*Record set:*
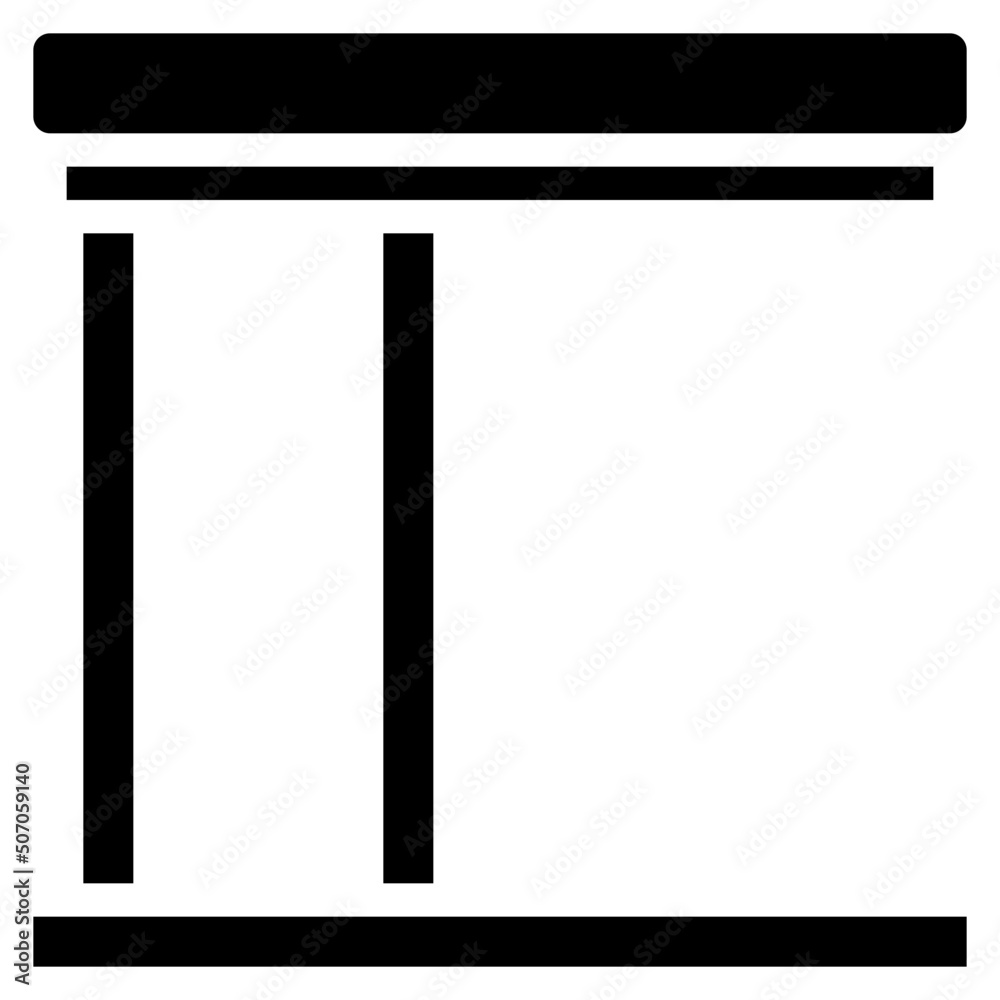 Over Arching Table Icon Over Arching Table Icon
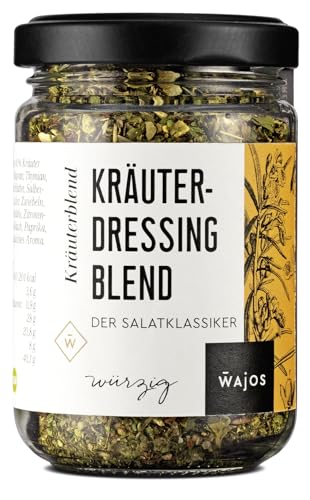 Wajos Kräuterdressing Blend, 45g: Salatdressing Gewürzsalz vegan, der Salatklassiker für Gurken-, Blatt- und Kartoffelsalat von wajos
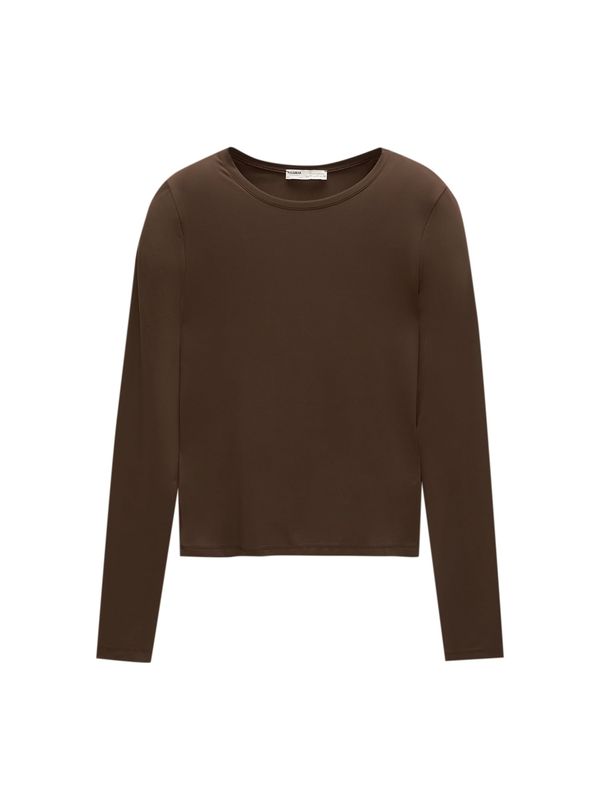 Pull&Bear Pull&Bear Majica  rjava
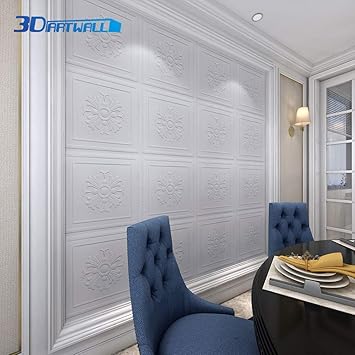 3dartwall Panel De Pared 3d De Pvc Blanco Mate Diseno Moderno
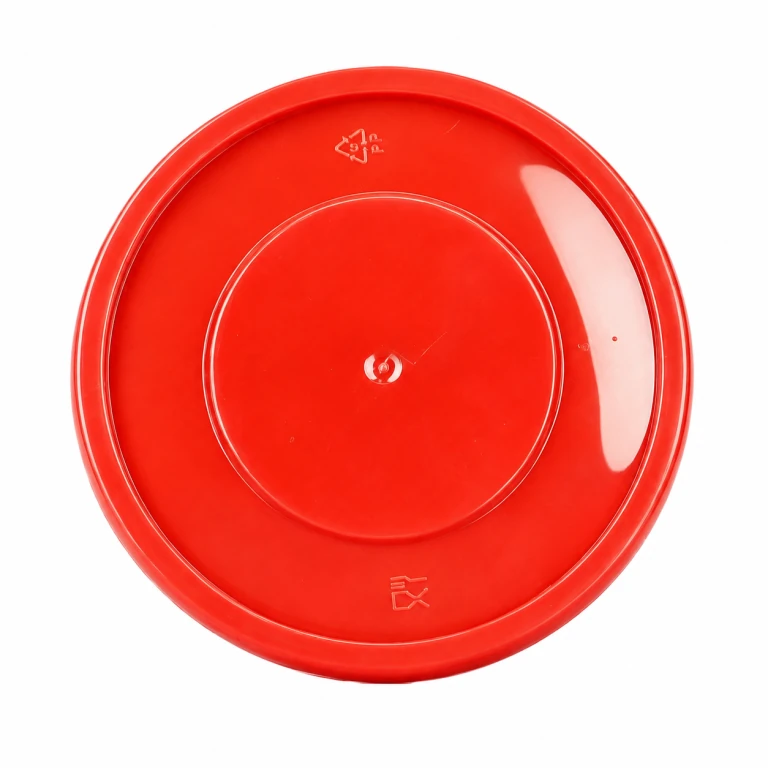 Disposable Bowl Lid 120mm, Red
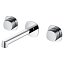 Grifo de lavabo bimando empotrado Firenze cromo de Imex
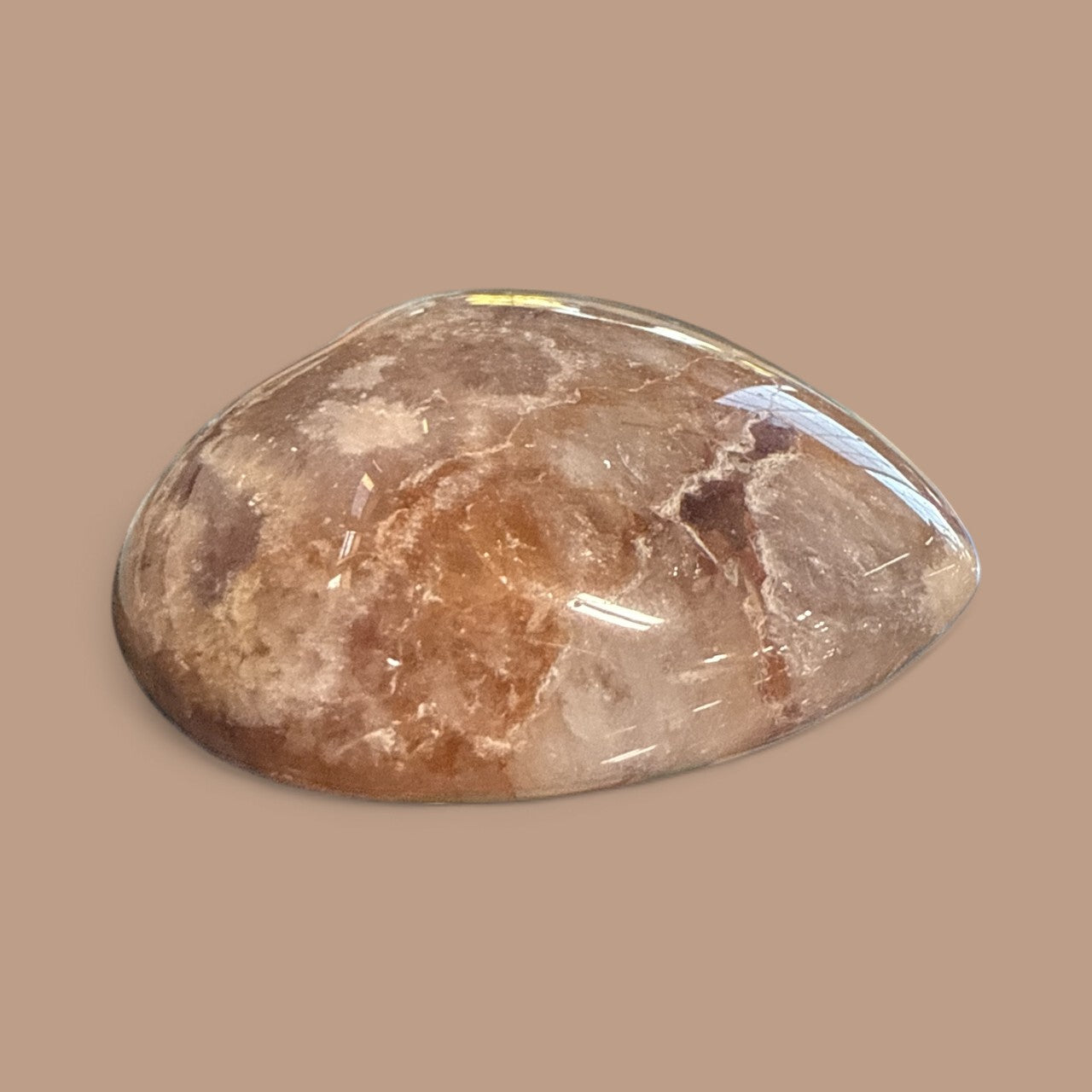 Genuine Heart Shaped flower Agate N409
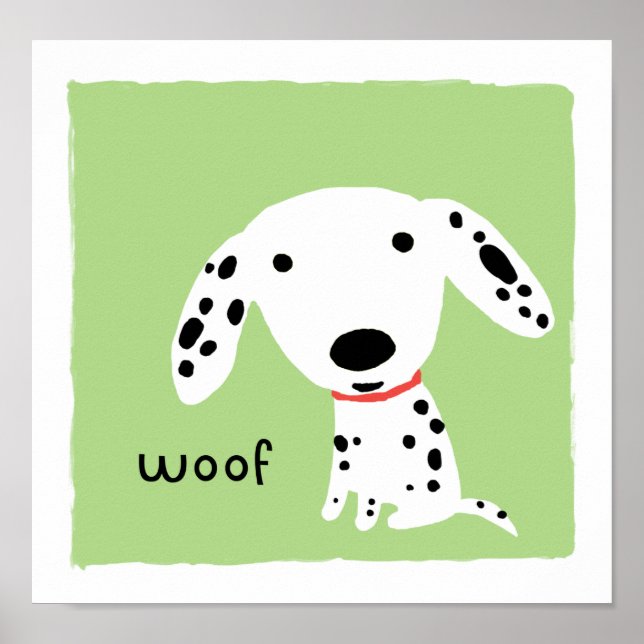 Affiches Dalmatien Woof (Devant)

*Brief:* Repeat the line containing "3dartwall Panel De" and every line after it up to the end of the material above, exactly as they stand, minus the pictures.

*Expected answer:*
 3dartwall Panel De Pared 3d De Pvc Blanco Mate Diseno Moderno
 Disposable Bowl Lid 120mm, Red
 Grifo de lavabo bimando empotrado Firenze cromo de Imex
 Genuine Heart Shaped flower Agate N409
 Affiches Dalmatien Woof (Devant)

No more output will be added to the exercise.